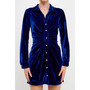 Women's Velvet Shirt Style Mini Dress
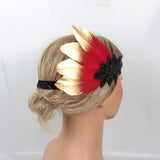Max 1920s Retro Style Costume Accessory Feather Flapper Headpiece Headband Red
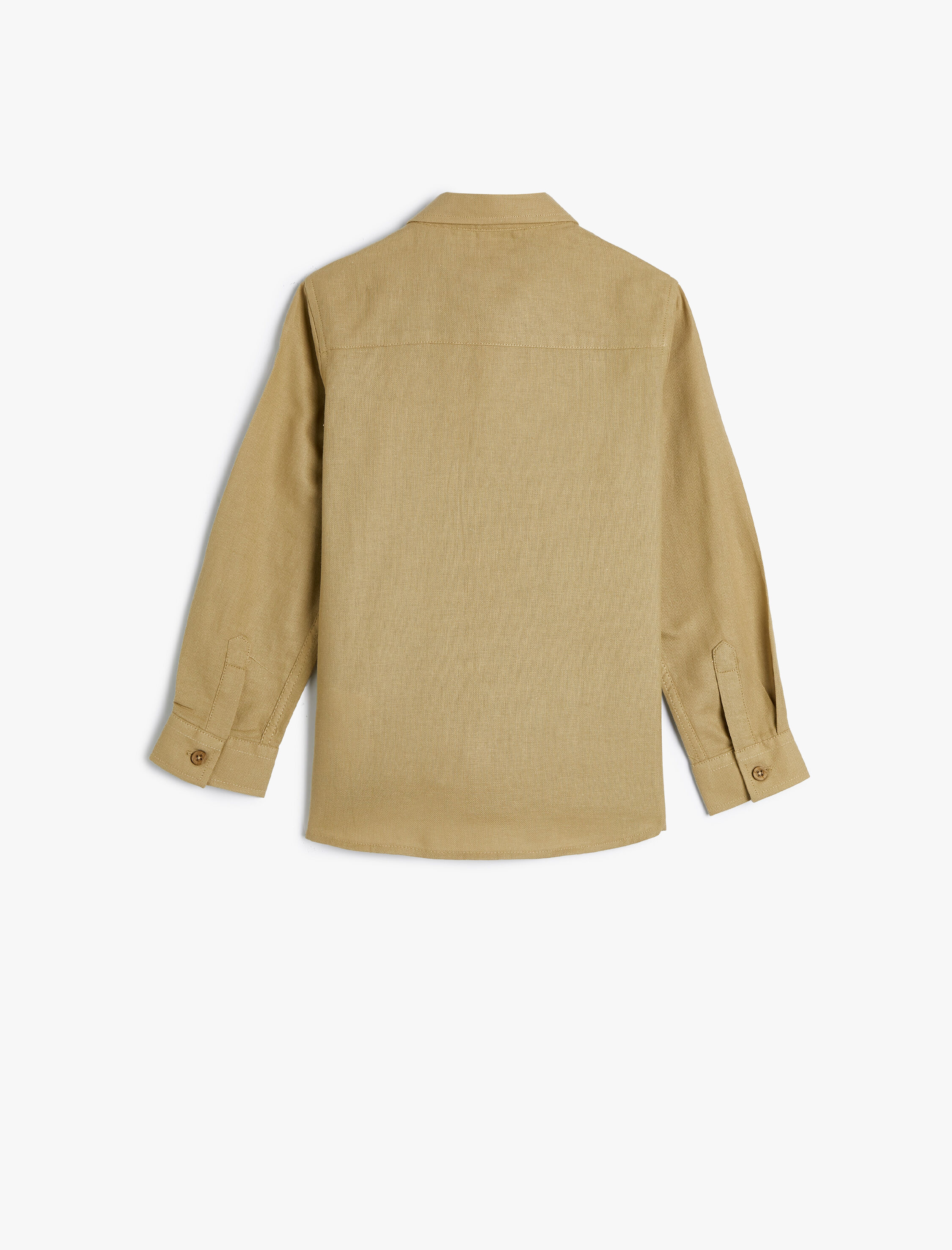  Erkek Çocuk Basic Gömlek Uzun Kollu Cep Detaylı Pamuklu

§ Work instruction: Where the data includes pictures, leave them out and write out everything else exactly.

§ Written solution:
 Women's Velvet Shirt Style Mini Dress
Max 1920s Retro Style Costume Accessory Feather Flapper Headpiece Headband Red
  Erkek Çocuk Basic Gömlek Uzun Kollu Cep Detaylı Pamuklu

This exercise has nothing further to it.